**Data**
•••
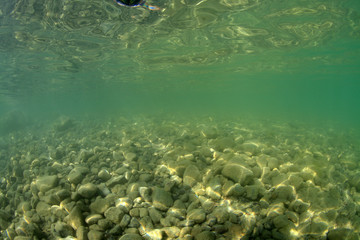 Kiesiger Seegrund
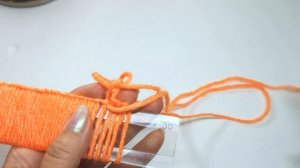 Как с помощью линейки сделать красивый цветок из пряжи для украшения вязанных изделий.  239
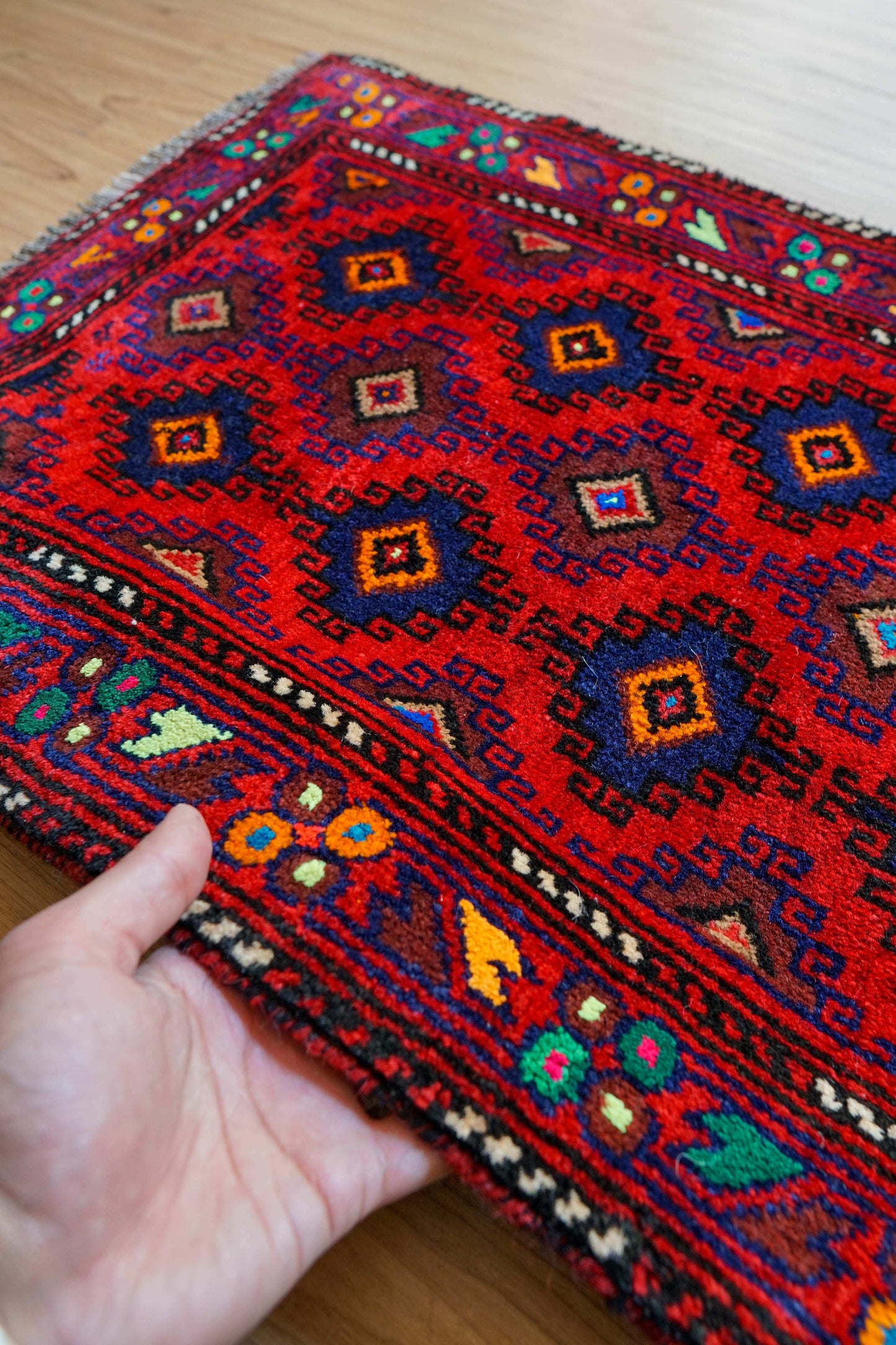  トライバルラグ　ヴィンテージラグ　バルーチ族　74×51cm ペルシャ絨毯　玄関マットサイズ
•••
**Exercise directions**
From the first line to the last, transcribe the listing exactly; skip the pictures.

**Written response**
 Kiesiger Seegrund
 Как с помощью линейки сделать красивый цветок из пряжи для украшения вязанных изделий.  239
  トライバルラグ　ヴィンテージラグ　バルーチ族　74×51cm ペルシャ絨毯　玄関マットサイズ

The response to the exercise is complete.